Key Challenges Faced During Development
1. Notification Processing Was Never Tested in Production
- Disabled from day one due to performance issues.
- Notification processing logic was untested.
- The real bottleneck existed inside the application’s notification processing loop.
- Required a complete rewrite (currently under testing).
2. Large Effort Estimation Gap
- Kafka integration + total redesign of notification processing.
- Initial estimates did not account for this complexity.
Testing Constraints
- Development and test environments initially lacked notification simulation.
- Multiple test builds were released for partial functionality testing in pre‑prod:
test_alarm_fix_1_v2.0.1test_slidingW_analysis_1_v2.0.1test_slidingwindow_analysis_2_v2.0.1test_slidingwindow_analysis_3_v2.0.1
- Pre‑production environment could not be disturbed.
- Testing limited to:
- Master Controller‑3
- Up to 17k devices
Summary
- v1.2.0 limitations stem from single‑threaded execution and disabled notification handling.
- v2.0.1 introduces multiple high‑CPU background processes, revealing Node.js scalability limits.
- v2.0.1.f addresses these challenges using Worker Threads, properly isolating workloads.

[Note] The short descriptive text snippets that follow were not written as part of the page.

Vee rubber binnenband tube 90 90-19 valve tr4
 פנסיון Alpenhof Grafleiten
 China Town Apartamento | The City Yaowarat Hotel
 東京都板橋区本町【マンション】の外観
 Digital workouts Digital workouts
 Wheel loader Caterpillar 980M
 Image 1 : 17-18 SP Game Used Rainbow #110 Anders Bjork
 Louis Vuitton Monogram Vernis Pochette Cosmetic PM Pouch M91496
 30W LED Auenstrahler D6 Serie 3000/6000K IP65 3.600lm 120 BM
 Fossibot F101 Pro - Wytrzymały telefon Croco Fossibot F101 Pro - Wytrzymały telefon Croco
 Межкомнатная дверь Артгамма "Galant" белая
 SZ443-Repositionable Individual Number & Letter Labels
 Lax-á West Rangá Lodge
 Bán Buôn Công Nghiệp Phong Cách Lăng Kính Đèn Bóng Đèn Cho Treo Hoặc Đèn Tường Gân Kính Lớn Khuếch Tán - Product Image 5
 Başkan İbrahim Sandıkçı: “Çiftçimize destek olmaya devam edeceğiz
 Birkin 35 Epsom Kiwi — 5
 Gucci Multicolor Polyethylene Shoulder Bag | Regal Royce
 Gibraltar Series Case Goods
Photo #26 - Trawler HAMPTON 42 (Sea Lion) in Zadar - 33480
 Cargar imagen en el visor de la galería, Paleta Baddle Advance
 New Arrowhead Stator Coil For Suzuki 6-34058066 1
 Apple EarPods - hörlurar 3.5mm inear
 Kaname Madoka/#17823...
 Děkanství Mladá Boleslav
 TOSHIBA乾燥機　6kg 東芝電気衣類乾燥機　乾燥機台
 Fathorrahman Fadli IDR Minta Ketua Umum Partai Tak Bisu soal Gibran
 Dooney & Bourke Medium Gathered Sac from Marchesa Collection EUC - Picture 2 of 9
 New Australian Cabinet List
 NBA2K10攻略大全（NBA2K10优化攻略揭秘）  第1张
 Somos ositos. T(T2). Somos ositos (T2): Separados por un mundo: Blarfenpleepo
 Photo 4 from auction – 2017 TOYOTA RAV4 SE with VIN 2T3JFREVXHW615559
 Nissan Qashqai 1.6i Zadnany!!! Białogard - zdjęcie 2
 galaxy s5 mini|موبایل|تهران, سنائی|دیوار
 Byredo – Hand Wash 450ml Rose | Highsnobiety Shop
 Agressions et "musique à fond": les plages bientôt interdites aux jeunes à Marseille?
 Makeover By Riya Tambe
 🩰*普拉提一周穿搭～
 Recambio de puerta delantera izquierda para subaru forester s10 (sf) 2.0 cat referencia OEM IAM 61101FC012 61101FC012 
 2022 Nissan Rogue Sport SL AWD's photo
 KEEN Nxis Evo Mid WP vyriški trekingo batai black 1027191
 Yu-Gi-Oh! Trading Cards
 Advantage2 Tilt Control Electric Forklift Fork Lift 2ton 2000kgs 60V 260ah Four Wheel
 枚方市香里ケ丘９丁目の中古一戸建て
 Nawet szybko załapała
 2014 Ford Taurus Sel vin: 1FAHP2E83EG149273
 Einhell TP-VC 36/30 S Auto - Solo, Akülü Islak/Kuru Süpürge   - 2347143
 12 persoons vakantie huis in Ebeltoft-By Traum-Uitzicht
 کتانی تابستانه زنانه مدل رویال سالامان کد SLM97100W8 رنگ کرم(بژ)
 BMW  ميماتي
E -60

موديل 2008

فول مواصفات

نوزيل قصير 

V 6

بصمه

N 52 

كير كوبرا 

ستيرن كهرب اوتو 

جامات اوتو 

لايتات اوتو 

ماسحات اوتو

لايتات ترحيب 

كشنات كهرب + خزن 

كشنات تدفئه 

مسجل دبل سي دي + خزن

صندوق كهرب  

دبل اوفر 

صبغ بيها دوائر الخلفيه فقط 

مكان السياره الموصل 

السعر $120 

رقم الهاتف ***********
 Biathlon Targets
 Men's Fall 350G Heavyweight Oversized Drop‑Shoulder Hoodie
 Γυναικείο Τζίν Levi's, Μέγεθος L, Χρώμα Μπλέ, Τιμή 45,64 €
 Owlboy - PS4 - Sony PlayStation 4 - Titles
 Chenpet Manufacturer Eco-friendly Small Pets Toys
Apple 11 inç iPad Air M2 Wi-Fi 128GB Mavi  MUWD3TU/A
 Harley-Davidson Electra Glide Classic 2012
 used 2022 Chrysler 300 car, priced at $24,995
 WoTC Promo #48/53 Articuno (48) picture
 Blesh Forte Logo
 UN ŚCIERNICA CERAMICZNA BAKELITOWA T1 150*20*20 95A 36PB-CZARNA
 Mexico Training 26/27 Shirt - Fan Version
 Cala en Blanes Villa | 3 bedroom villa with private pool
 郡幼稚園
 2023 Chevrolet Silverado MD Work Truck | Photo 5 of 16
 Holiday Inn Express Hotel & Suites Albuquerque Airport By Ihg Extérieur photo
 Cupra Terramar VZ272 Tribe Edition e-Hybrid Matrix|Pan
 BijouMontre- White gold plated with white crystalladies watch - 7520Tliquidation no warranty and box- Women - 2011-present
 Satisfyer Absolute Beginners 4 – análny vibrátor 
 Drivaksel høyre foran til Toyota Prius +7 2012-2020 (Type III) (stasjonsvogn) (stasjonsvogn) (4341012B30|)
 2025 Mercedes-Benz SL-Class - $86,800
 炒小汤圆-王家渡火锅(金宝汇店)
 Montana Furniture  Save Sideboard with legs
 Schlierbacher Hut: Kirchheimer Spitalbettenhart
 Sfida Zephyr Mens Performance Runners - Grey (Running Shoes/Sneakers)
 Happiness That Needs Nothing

- The solution is architecturally sound but needs large‑scale pre‑production validation.
- Significant development effort was required due to:
- Missing load simulation environments
- Necessary redesign of core processing logic
- MWDI being a mega service (not a microservice) - long‑term fixes require breaking it into smaller, isolated applications to eliminate scalability bottlenecks.